In the absence of detailed FDA guidance, it is highly likely that, theoretically, either version control or audit trail control alone will be sufficient to comply with Part 11. However, to comply with a predicate rule, version control may be mandatory.
It should be noted that the two approaches are not mutually exclusive: both can be used. This is analogous to a situation where a new version of a document is reissued, and although a copy of the previous version is retained, a change history section is included in the new version to summarize what changes were applied.
Full-featured applications will also provide a prompted or silent audit. A prompted audit requires the operator to enter a reason for the action, whereas a silent audit does not. Silent audits are, therefore, a good electronic analogue of the typical good manufacturing practice (GMP) paper record modification when an alteration is justified by a handwritten annotation. However, prompted audits can be laborious and tedious to use, particularly when a single logical amendment results in the alteration of many physical records and the operator is forced to repeatedly enter the same reason.
Auditing record creation and deletion Audit trail discussions mainly focus on record modification, but Part 11 mandates audit of record creation and deletion. Most DBMS can be configured to audit trail all record creation events. Doing this, however, can almost double both transaction processing time and storage requirements. To view this as mandatory under Part 11 is to misinterpret the regulation. It is only necessary to separately audit record creation when the record does not itself contain creation audit trail information.
When the electronic record format includes the identity of the creator and a compliant creation time-stamp, all the record creation audit infor- mation is captured within the record itself. Comment 73 in the Part 11 preamble makes clear that this strategy is acceptable: "The agency advises that audit trail information may be contained as part of the electronic record itself or as a separate record. FDA does not intend to require one method over the other."
Some applications prevent physical record deletion and use an alternative strategy of marking records as deleted without physically deleting them. In such cases, it may not be necessary to configure deletion audit events. However, in contrast to record creation, record deletion is rare and the cost of taking the cautious approach (auditing all deletions) is likely to be low.
Taking laboratory information management system (LIMS) audit trail functionality as an example, most commercial LIMS automate the creation of audits when operators modify information against a sample, test, result or other entity. Advanced LIMS allow any field from any table to be audited and conditions can be set to dictate what, and what not, to audit (Figure 1). Some modern LIMS allow more complex conditions that govern the creation of audits; for example, audits may activate on only finished product samples rather than in-process quality control (QC) samples, or audits may only occur on changes made by certain operators.
Guidelines Further to defining detailed configuration for all record formats, it is useful to write an overall audit strategy document for each GxP application that defines and justifies what different approaches are used. Examples of guiding principles that can be included in such a strategy document are as follows:
- Static information (reference information that is routinely used during a long period) should be version controlled.
- Dynamic information should be audit trail controlled.
- Dynamic information comprises one-off transaction records that document actions and events - for example, methods and specifications are static, whereas test results are dynamic.
- Predicate rules may mandate version control.
- All electronic signature records must be audited.

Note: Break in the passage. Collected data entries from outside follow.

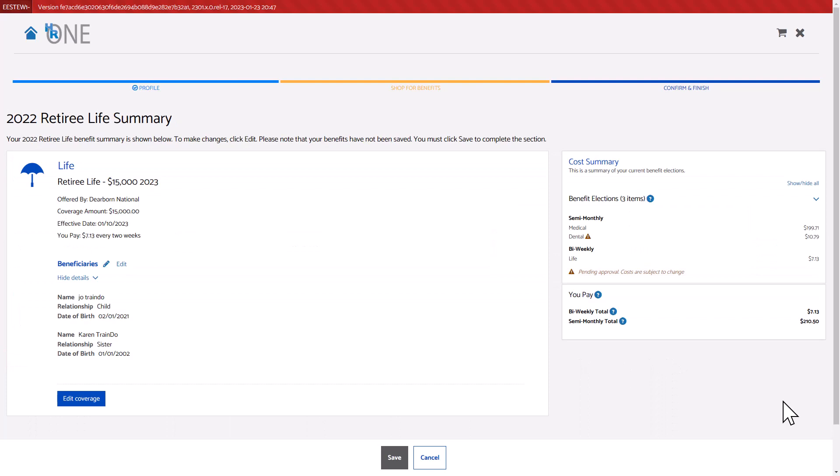You can use these same steps to update beneficiary information. A summary page with the newly added beneficiary information will be displayed.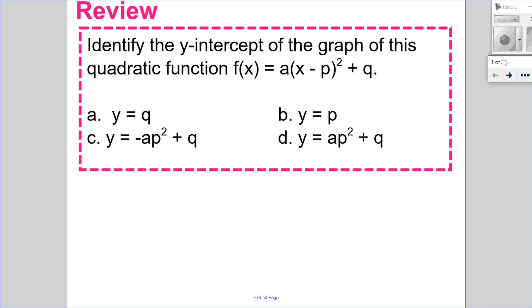Hello, Matthews Gatos here. Welcome to this video for section 3.2, part 1. Before we get into that, I'd like to review 3.1.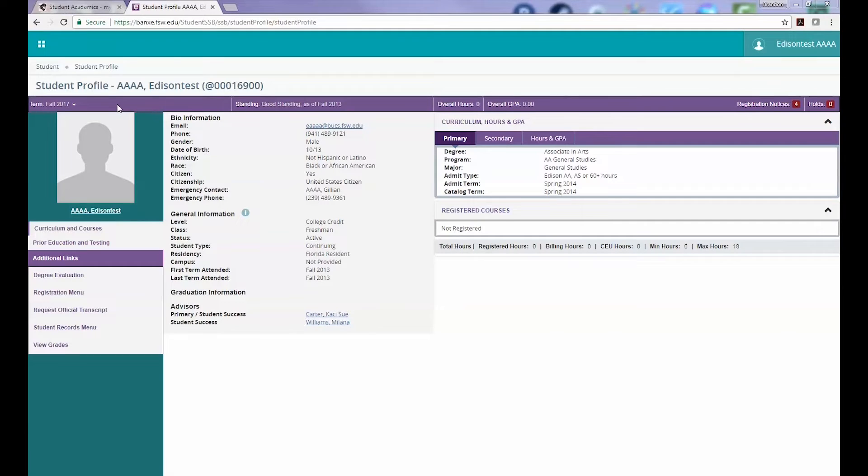When the Student Profile page first loads, you will see the Curriculum and Courses section by default.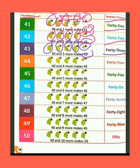We have 40 bunch of grapes. Humare paas angoor ke 40 gucche hain. If we add 4 more grapes bunch — agar hum 4 aur angoor ko jodte hain — then the total bunch of grapes are 44.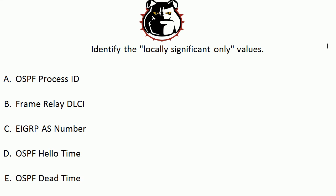Hey Bulldogs, Chris Bryant here. I've got a CCNA and CCENT quick quiz for you on locally significant only values, and with no further ado...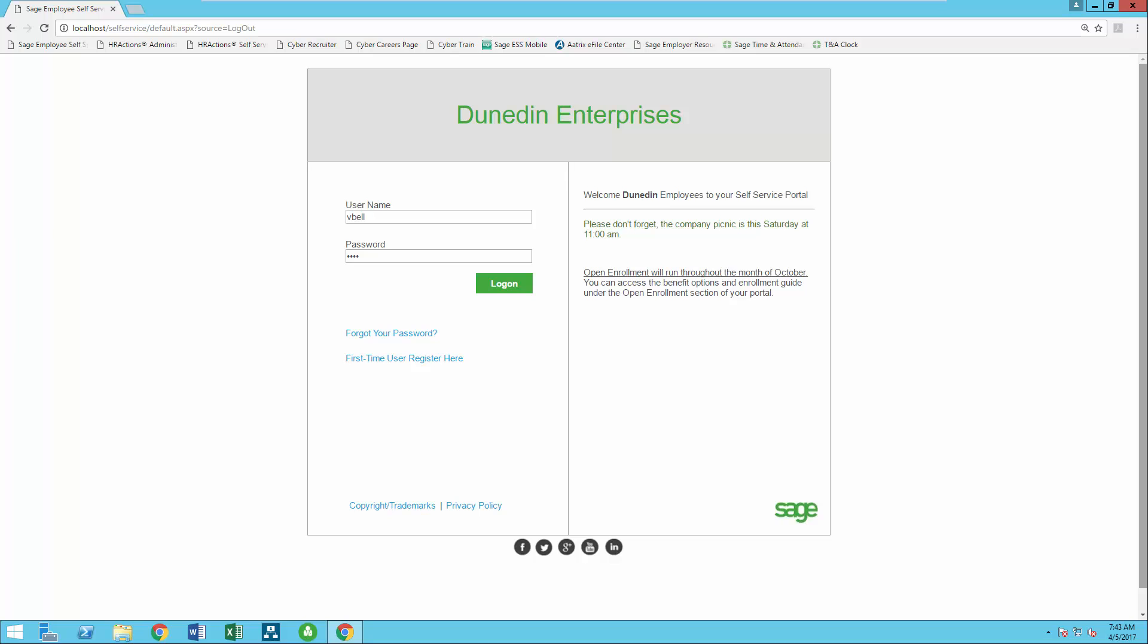Since you can embed Sage Employee Self Service into your company's website or intranet along with customizing it to include your logo, heading, and text, the look and feel can be something your employees are familiar with.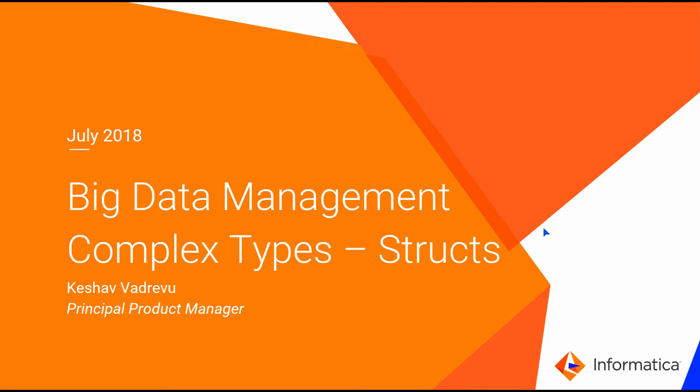Welcome to Big Data Management 10.2.1. In this video, I'm going to demonstrate complex types structs.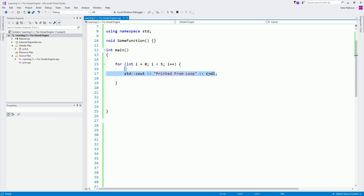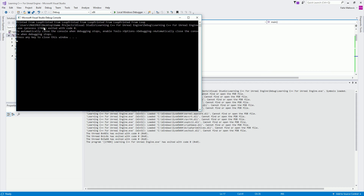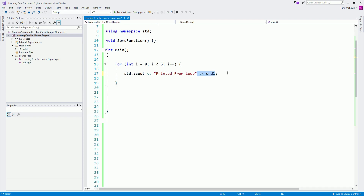If I remove the endl, everything gets printed on a single line — you can see that. So endl will print everything on the next line. Now, what is going on in the loop? We saw this was printed five times. When you declare a for loop, you do it like this: we have 'for', then we declare 'int i'. It can be int b, int c, int carl, int kenny — whatever — but usually we say 'int i' and we declare it equal to zero.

- Regulatory information must either be version controlled or audit trailed. For non-regulatory information, an audit trail may be used if it is judged to provide useful information.
- When version control is used, an audit trail may still be useful as it provides an easy way to compare version differences. Silent audit should be used.
- Creation of records is seldom necessary because the purpose of the audit trail is to record modifications. This is compliant under Part 11 provided that the identity of the user creating the record and the time-stamp are recorded within the record. By definition, there is no 'previous' information to be held in the audit record data structure.
- In many cases, a single prompted audit applied to a summary record can be used to comment several changes to subsidiary or dependent records. Silent audit may be used to record subsidiary record changes.